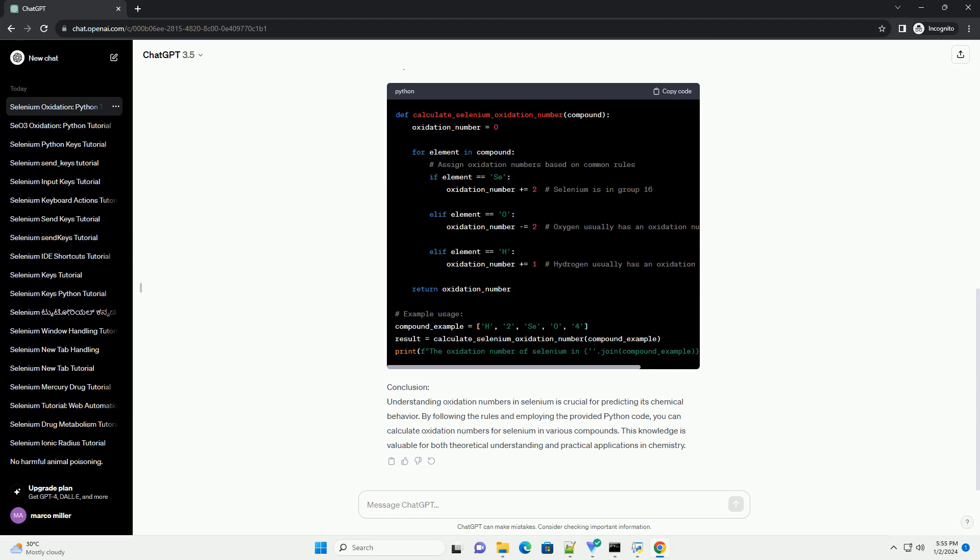Conclusion. Understanding oxidation numbers in selenium is crucial for predicting its chemical behavior. By following the rules and employing the provided Python code, you can calculate oxidation numbers for selenium in various compounds. This knowledge is valuable for both theoretical understanding and practical applications in chemistry.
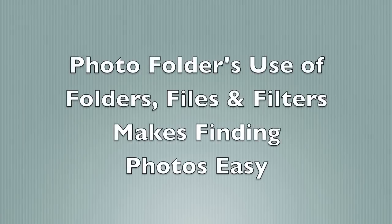Photo Folder's use of folders and files makes finding photos easy.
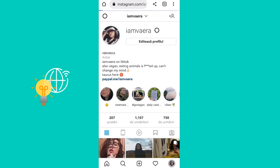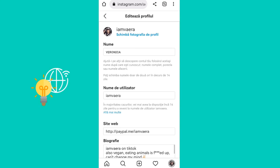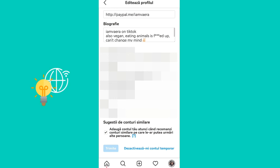Then just scroll down until you see this option, and then simply uncheck it.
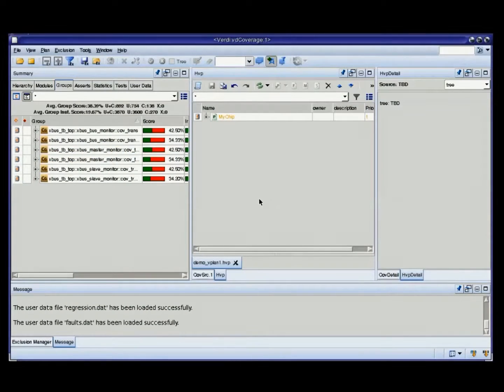Hello everyone, this is your only one from Synopsys, and welcome to Cool Things You Can Do with Verdi. Today I want to talk about some of the advanced features in Verification Planner, so let's just get to it.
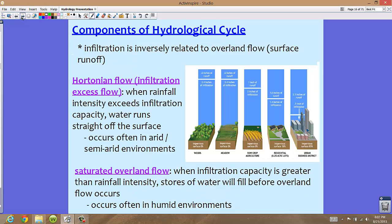Infiltration is inversely related to overland flow, or surface runoff. This means that the more overland flow we have, the less infiltration you're going to have. They're inversely related — as one goes up, the other will go down.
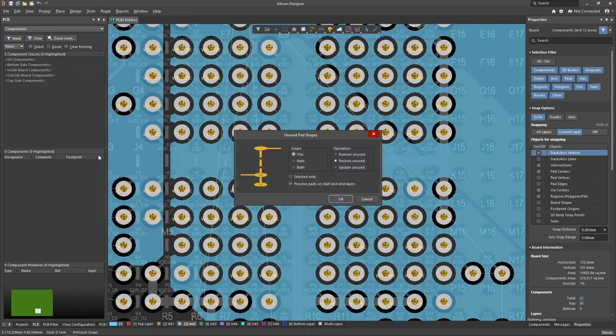The remove unused pad shape toolkit in the tools menu is available for managing this functionality. At the moment we are focused on vias.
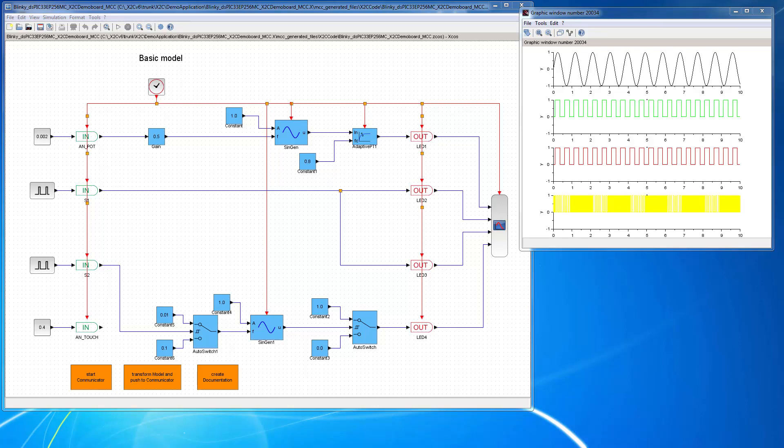Hello everybody! In the previous video I have shown you how to simulate our first demo model.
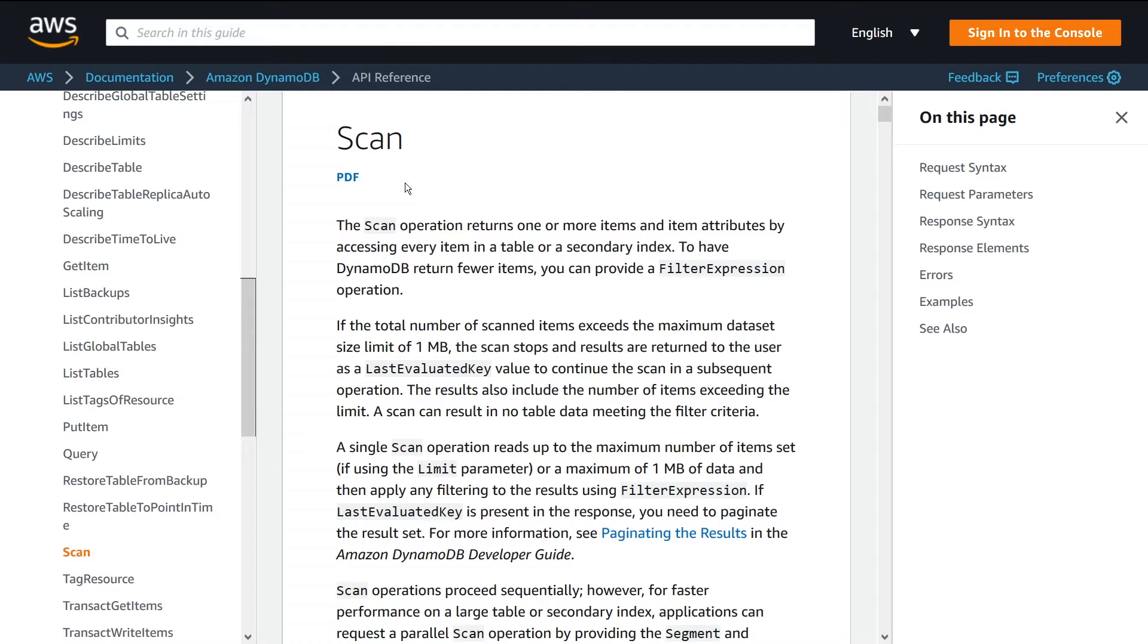And you use the pagination pattern in order to get the next set of results. So you need to perform multiple different queries to get all the results in your table if you have a large table.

+ + + +

PROBLEM REQUIREMENTS
Since the pictures are not wanted, transcribe only the rest of the material above, exactly as it stands.

RESULT FOR THIS EXERCISE
Conclusion. Understanding oxidation numbers in selenium is crucial for predicting its chemical behavior. By following the rules and employing the provided Python code, you can calculate oxidation numbers for selenium in various compounds. This knowledge is valuable for both theoretical understanding and practical applications in chemistry.
Photo Folder's use of folders and files makes finding photos easy.
Then just scroll down until you see this option, and then simply uncheck it.
Hello everyone, this is your only one from Synopsys, and welcome to Cool Things You Can Do with Verdi. Today I want to talk about some of the advanced features in Verification Planner, so let's just get to it.
Infiltration is inversely related to overland flow, or surface runoff. This means that the more overland flow we have, the less infiltration you're going to have. They're inversely related — as one goes up, the other will go down.
The remove unused pad shape toolkit in the tools menu is available for managing this functionality. At the moment we are focused on vias.
Hello everybody! In the previous video I have shown you how to simulate our first demo model.
And you use the pagination pattern in order to get the next set of results. So you need to perform multiple different queries to get all the results in your table if you have a large table.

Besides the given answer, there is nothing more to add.